- Dataset excerpts -

-- Opening Marker --

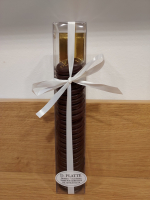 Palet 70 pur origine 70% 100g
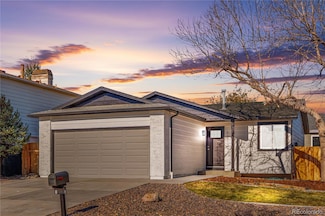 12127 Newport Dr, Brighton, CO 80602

-- Closing Marker --
-- Opening Marker --

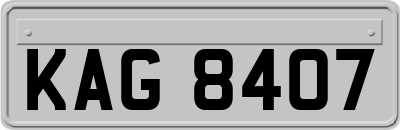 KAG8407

-- Closing Marker --
-- Opening Marker --

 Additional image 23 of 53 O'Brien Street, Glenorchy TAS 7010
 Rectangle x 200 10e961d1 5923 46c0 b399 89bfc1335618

-- Closing Marker --

Reproduce the listing above from the line that holds "Palet 70 pur origine 70% 100g" through the line that holds "12127 Newport Dr, Brighton, CO 80602", both included, with the pictures left out.

- Task response -
 Palet 70 pur origine 70% 100g
 12127 Newport Dr, Brighton, CO 80602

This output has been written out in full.